The following is a contributed article by David Boyd, regulatory and policy strategist at AESL Consulting. He is a former VP of Government and Regulatory Affairs at MISO and a former Chair of the Minnesota Public Utilities Commission.
On December 19, 2019, the Federal Energy Regulatory Commission directed PJM to expand its current Minimum Offer Price Rule (MOPR) to address state-subsidized electric generation resources. This "strong MOPR" requires that specified, state-subsidized power resources be bid into the PJM capacity market at or above predetermined, technology-specific price floors.
FERC says it wants to make the capacity market a free and fair competition. States that want to decarbonize often adopt clean-energy subsidies to do so and worry that their customers will not receive credit for the capacity contributions of their resources and thus pay twice for capacity.
The question of how to respect both the national and state governments’ legitimate role in policymaking was the topic earlier this summer of Northwestern University’s Electricity Dialogue, "Can FERC’s Markets and State Clean Energy Policies Work Together?" I moderated a panel at this webinar and wrote a white paper by the same name.
Non-MOPR options
Since the MOPR’s promulgation, those seeking to bypass the rule have paid considerable attention to the Fixed Resource Requirement (FRR). FRR would remove any utility (or state) that adopts it from using the FERC-regulated capacity auction to meet reliability needs for at least five years, under current market rules. Such an approach seems to force market participants backward by creating a less competitive procurement process — smaller in scale and thus more subject to big, local players. PJM’s independent market monitor has extensively reported on FRR and for Illinois, New Jersey, Maryland and Ohio alike — everywhere the market monitor has studied the issue — this could lead to higher overall costs for consumers.
As made clear from the discussion at the Electricity Dialogue, there are other alternatives to the MOPR available to states. One option is to put a price on carbon either directly through a tax or indirectly through a cap-and-trade mechanism. Carbon-pricing mechanisms have been discussed widely. A rich academic literature validates their efficiency — but only when they replace less-efficient, "redundant" policies like technology-specific Renewable Portfolio Standards (RPS). It does not seem politically likely that any state would "replace and repeal" their RPS.

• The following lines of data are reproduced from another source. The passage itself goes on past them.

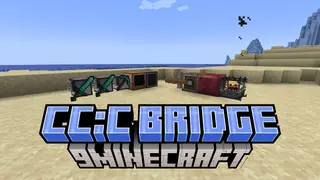 CC:C Bridge Mod (1.21.1, 1.20.1) – Enhance Minecraft Automation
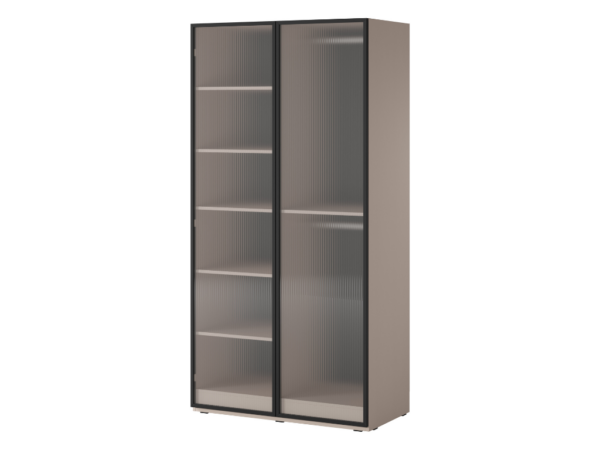 Roupeiro LOFT 02 - Bege 101x200cm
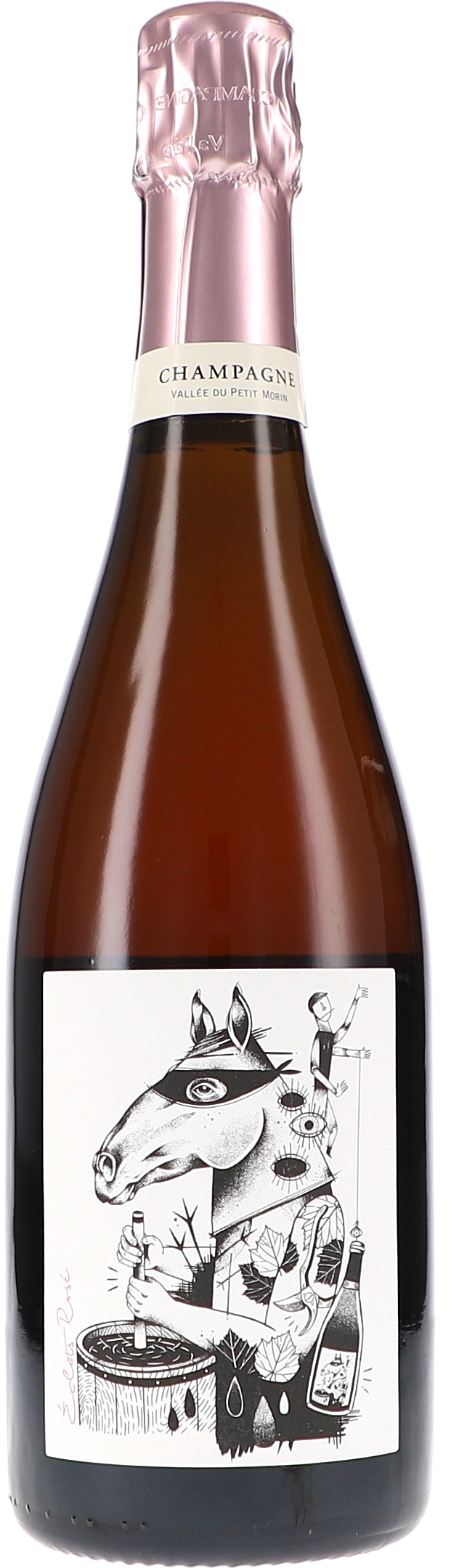 Jeaunaux-Robin "Éclats Rosé" Édition Speciale Extra Brut 2021/2022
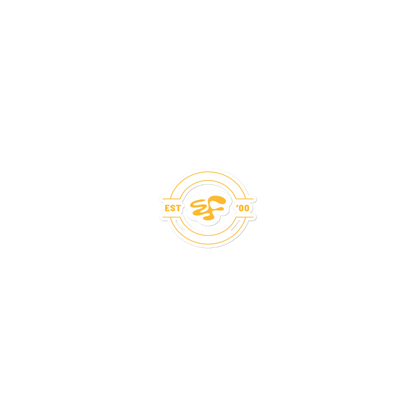 Enrique Freeman "Logo Badge" Sticker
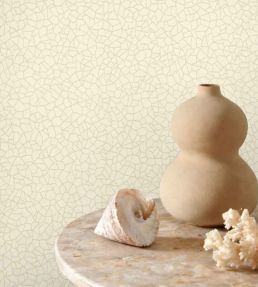 Kew Wallpaper by 1838 Wallcoverings Natural
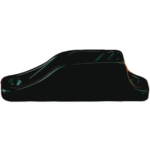 Clamcleat CL203 Nyl 3-6mm(10st)
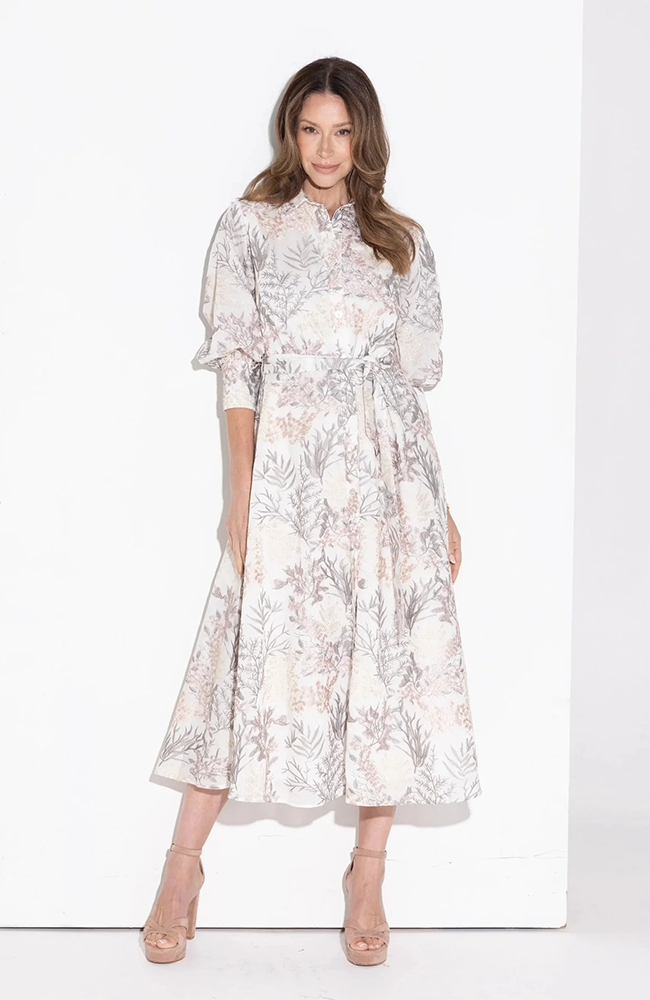 Innes Dress - Sorbetto Embroidery
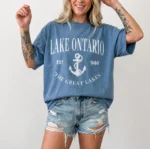Lake Ontario Est. 1660 Shirt — Great Lakes Heritage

Another alternative is to adopt some form of substitution auction exemplified by the relatively new Competitive Auctions with Subsidized Policy Resources (CASPR) in the New England ISO. This approach allows retiring resources that currently earn capacity supply obligations (CSOs) in the ISO’s Forward Capacity Auction the opportunity to transfer those obligations to new, subsidized resources that do not have CSOs. The existing resource would then retire, pay the subsidized resource for meeting the obligation, and keep the difference between the price of the CSO and the clearing price of the substitution auction.
This option ensures an orderly transition from older, higher-emitting resources to newer, cleaner ones. It’s a patch that makes capacity markets compatible with those state policies. But it is not yet a "market" in the sense of actively procuring what states are looking for.
Best contender
Perhaps the best contender brings state RPS and Clean Energy Standard (CES) policies into the wholesale markets. That would involve making a broader pool of resources eligible to qualify for state targets, both technologically and locationally. One proposal for doing this is the Forward Clean Energy Market (FCEM) that has been proposed by the Brattle Group.
The FCEM is a competitively-bid mechanism that matches suppliers of clean energy attributes with willing bidders driven by state Renewable and/or Clean Energy Standards. Mechanically, the FCEM would look much like a forward capacity market where bids and asks are settled for a period three years forward. Those bidders with a compliance obligation under a state RPS or CES would participate on the demand side of the auction, while clean-energy resources would constitute the supply side. Thus, with both state and federal regulators in cooperative engagement, the FCEM could create the desired market-driven solution that fits the ideals of a competitive environment while respecting state authority, thereby solving the problems highlighted by the MOPR.
The MOPR has unleashed a panoply of ideas (some good, some bad) on how FERC and the states can use their respective regulatory tools to promote public policies, especially clean energy policies, without undermining competitive electricity markets. And as discussions like those at the Electricity Dialogue made clear, nothing is completely clear yet. More communication and cooperation among the key players is needed, and states should consider all alternatives — not just divorce.